Data Loading
The pysat.Instrument.load()
method takes care of a lot of the
processing details needed to produce a scientifically useful data set. The
image below provides an overview of this process.
Load Data
A single day (or file) may be loaded by the user into a pysat.Instrument object
using the Instrument.load()
method by specifying a year and day of
year, date, or filename.
import pysat
import datetime as dt
# Set user and password for Madrigal
username = 'Firstname+Lastname'
password = 'email@address.com'
# Initialize the instrument, passing the username and password to the
# standard routines that need it
import pysatMadrigal as pysatMad
dmsp = pysat.Instrument(inst_module=pysatMad.instruments.dmsp_ivm, tag='utd',
inst_id='f12', user=username, password=password)
# Define date range to download data
start = dt.datetime(2001, 1, 1)
stop = dt.datetime(2001, 1, 2)
# Download data
dmsp.download(start, stop)
# Load by year, day of year
dmsp.load(2001, 1)
# Load by date
dmsp.load(date=start)
# Load by filename from string
dmsp.load(fname='dms_ut_20010101_12.002.hdf5')
# Load by filename in tag
dmsp.load(fname=dmsp.files[0])
# Load by filename in tag and specify date
dmsp.load(fname=dmsp.files[start])
When the pysat.Instrument.load()
method runs, it stores the intrument
data in the pysat.Instrument.data
attribute,
# Display all data
dmsp.data
which maintains full access to the underlying data library functionality.

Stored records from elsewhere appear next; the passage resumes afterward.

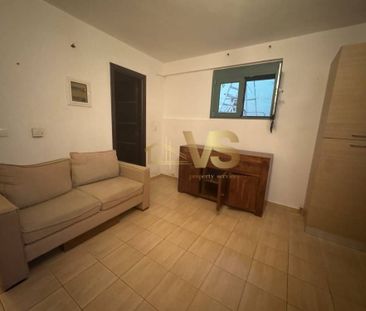 Studio/Γκαρσονιέρα για ενοικίαση Χάνι Κοκκίνη (Γούβες) - Photo 1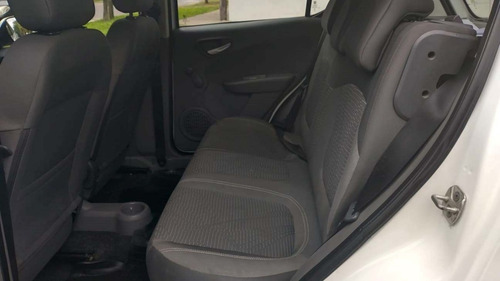 Fiat Palio Attractive 1.4 2015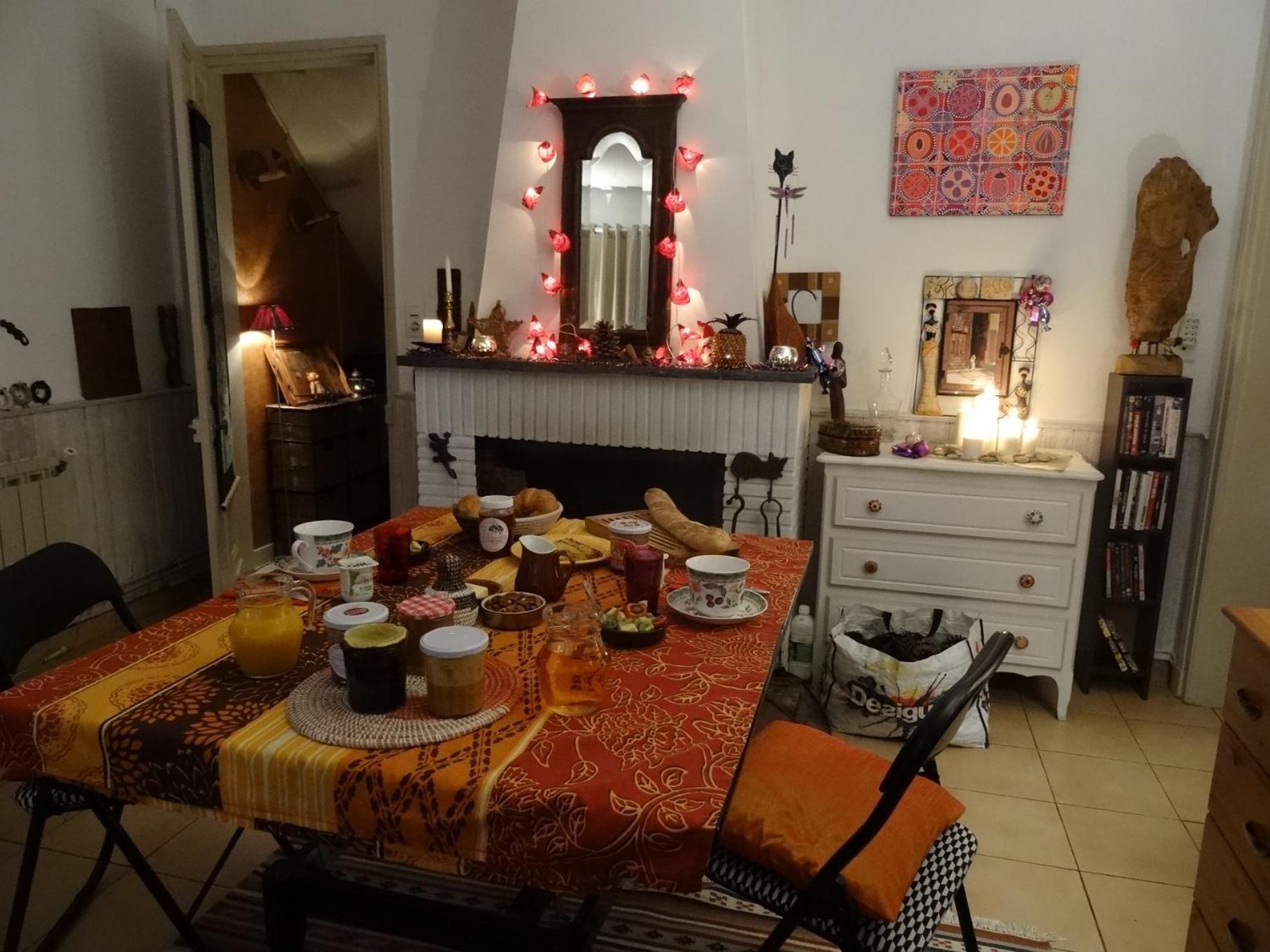 La Chambre Du Voyageur, photo 17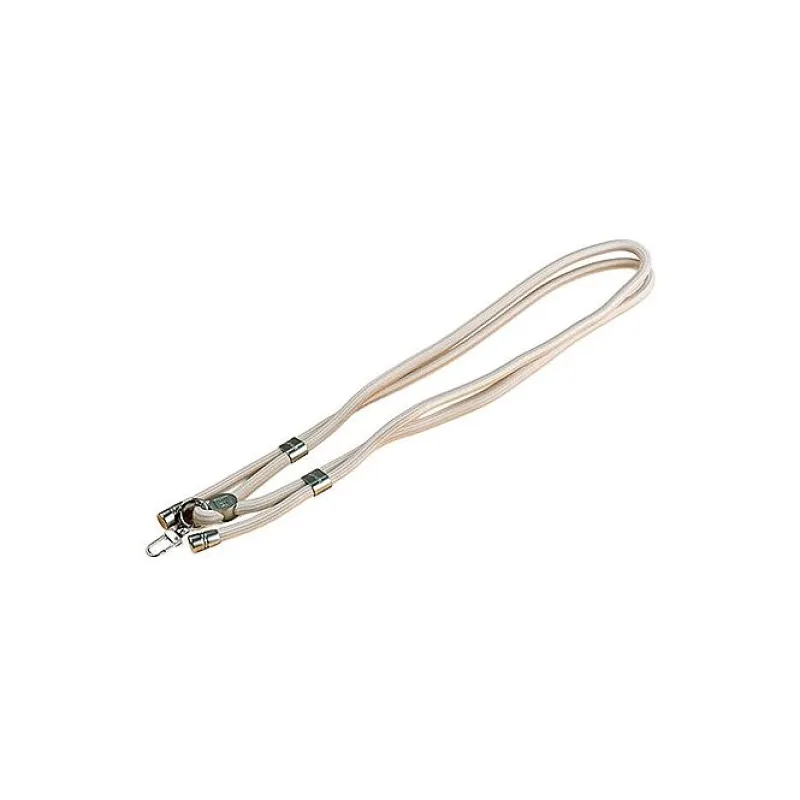 ER Lanyard - Beige ERCSLA-BG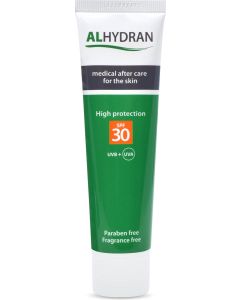 Alhydran SPF30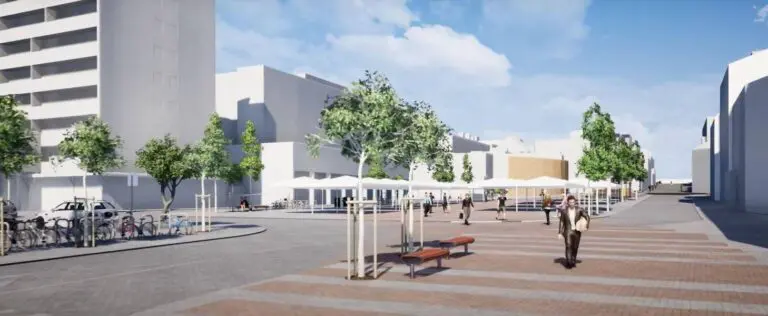 Crazy Town Jyväskylä Tulevaisuuden tori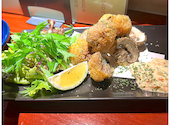 菜食庭 心: miiさんの2023年10月22日の2枚目の投稿写真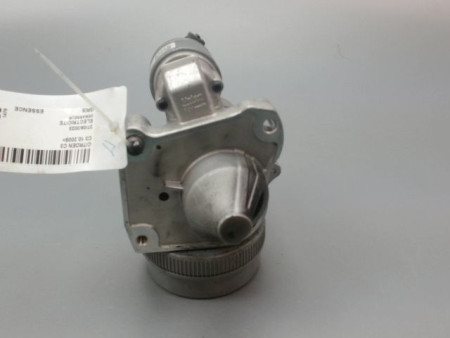 DEMARREUR CITROEN C3 2009-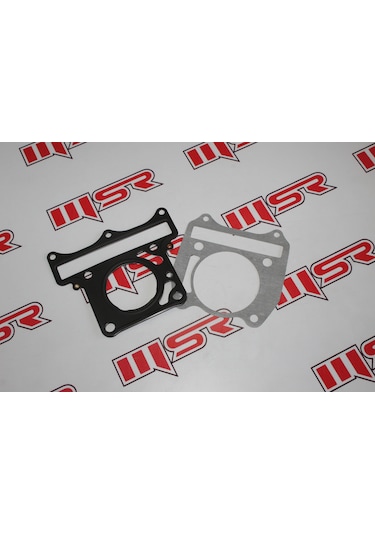 Hyosung Gt 250 Alt/üst Kapak Conta 1 Tk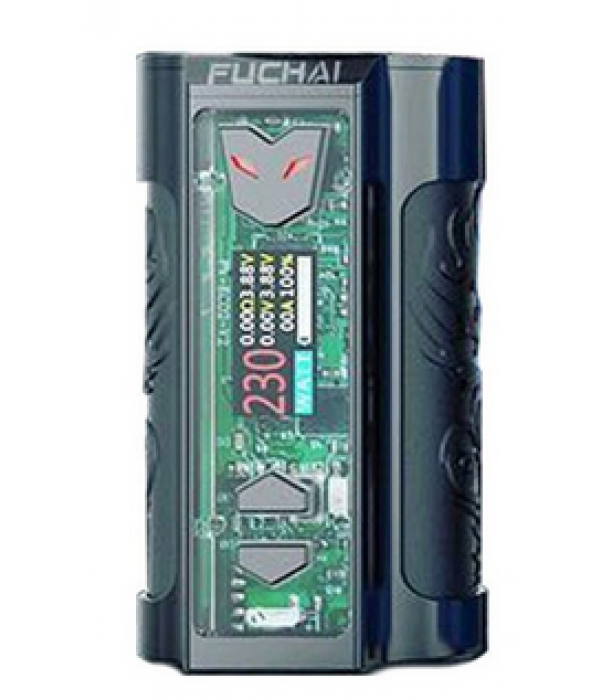 Батарейный мод Sigelei Fuchai MT-V Mod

pysat supports the use of two different data structures. You can either use a
pandas
DataFrame,
a highly capable class with labeled rows and columns, or an xarray
DataSet
for data sets with more dimensions. The type of data class is flagged using
the attribute pysat.Instrument.pandas_format
. This is set to
True
if a pandas.DataFrame
is returned by the corresponding
Instrument.load()
method and False
if a xarray.Dataset
is returned.
Load Data Range
pysat also supports loading data from a range of files or file dates. Given the
potential change in user expectation when supplying a list of filenames to load
instead of loading using a range of dates, pysat has adopted a nomenclature to
consistently distinguish between inclusive and exclusive bounds. Keywords in
pysat with end_*
are an exclusive bound, similar to slicing
numpy.ndarray
objects, while those with stop_*
are an
inclusive bound. The starting index is always inclusive.
Note
Keywords for date or filename ranges that begin with end
are used as an exclusive terminating bound, while keywords that begin
with stop
are used as an inclusive bound.
Loading a range of data by year and day of year. Termination bounds are exclusive.
# Load by year, day of year from 2001, 1 up to but not including 2001, 3
dmsp.load(2001, 1, end_yr=2001, end_doy=3)
# The following two load commands are equivalent
dmsp.load(2001, 1, end_yr=2001, end_doy2=2)
dmsp.load(2001, 1)
Loading a range of data using datetime.datetime
limits. Termination
bounds are exclusive.
# Load by datetimes
dmsp.load(date=dt.datetime(2001, 1, 1),
end_date=dt.datetime(2001, 1, 3))
# The following two load commands are equivalent
dmsp.load(date=dt.datetime(2001, 1, 1),
end_date=dt.datetime(2001, 1, 2))
dmsp.load(date=dt.datetime(2001, 1, 1))
Loading a range of data using filenames. Termination bounds are inclusive.
# Load a single file
dmsp.load(fname='dms_ut_20010101_12.002.hdf5')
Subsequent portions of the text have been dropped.